E non solo, la sua curiosità si estende anche in altri territori: i libri di Virginia Woolf, la poetica di Langston Hughes o la danza con le adorate coreografie di Anne Teresa De Keersmaeker: «Certo è eccitante per me l’approccio con i grandi nomi del canto jazz, ma io sono sempre stata influenzata da artisti che amano mescolare varie componenti nel loro lavoro, non sempre omogenee. Anzi, io amo decisamente i contrasti più…azzardati». Il nuovo doppio progetto discografico sembra, per l’appunto, un gioco di contrasti, luci e penombre, sezioni d’archi lussuose ed essenziali live set con il quartetto: «Beh, è tutto nel titolo: sogni e pugnali. Per me alcune canzoni sono come delle sospensioni oniriche, delle riflessioni ed altre sembrano più decise, sferzanti quasi come un colpo di pugnale per l’appunto. La formula che ho utilizzato è di alternare brani in studio a materiale dal vivo, che è poi la dimensione che preferisco. Interagire con i musicisti, anche gli errori contribuiscono a farti crescere e dare calore all’intero progetto».

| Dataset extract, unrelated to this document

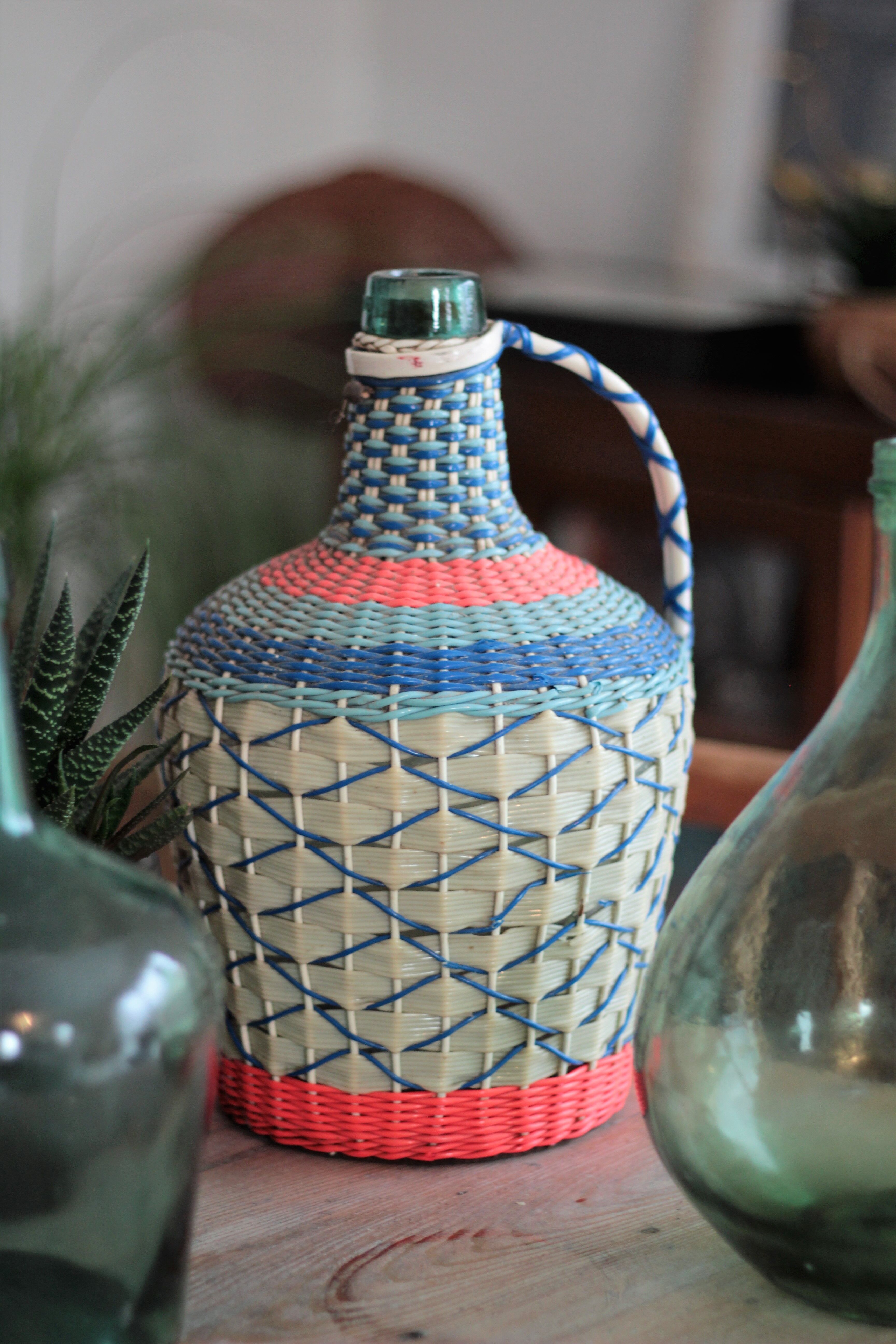 Scoubidou demijohn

Esplorare i misteri della voce, passione che ha spinto una giovanissima Cecilé alla scoperta del canto classico e barocco: «Di questo repertorio mi affascina tutto: la ricercatezza dei testi, gli strumenti, i personaggi e le storie che vengono raccontate. Amo l’intera cultura del barocco, così come la danza. E non è un caso, perché la musica barocca è una celebrazione di contrasti e irregolarità, e se quelle canzoni funzionano ancora oggi 400 anni dopo qualcosa significa. Proprio quanto mi piace rappresentare nel nuovo disco». Il mondo del cinema e della musica che hanno supportato Hillary Clinton hanno subito un pesante shock poi con l’elezione di Trump alla Casa Bianca. Cécile è molto realista e cerca di non piangersi addosso: «Continuo a lottare, certo la delusione è stata cocente. Però io ho sempre interpretato canzoni che mettevano al centro la lotta per l’identità, per le parità di diritti. E questo ben prima che la corrente amministrazione si insediasse alla Casa Bianca…». Quattro anni fa dava alle stampe il suo terzo lavoro, WomanChild, in cui raccontava di sentirsi a metà come ’donna e bambina’: «In parte era autobiografica perché all’epoca avevo 24 anni e mi sentivo per certi aspetti bambina, non adulta come credo siano state alla stessa età mia mamma e mia nonna. Siamo una generazione per molti versi in perenne adolescenza…».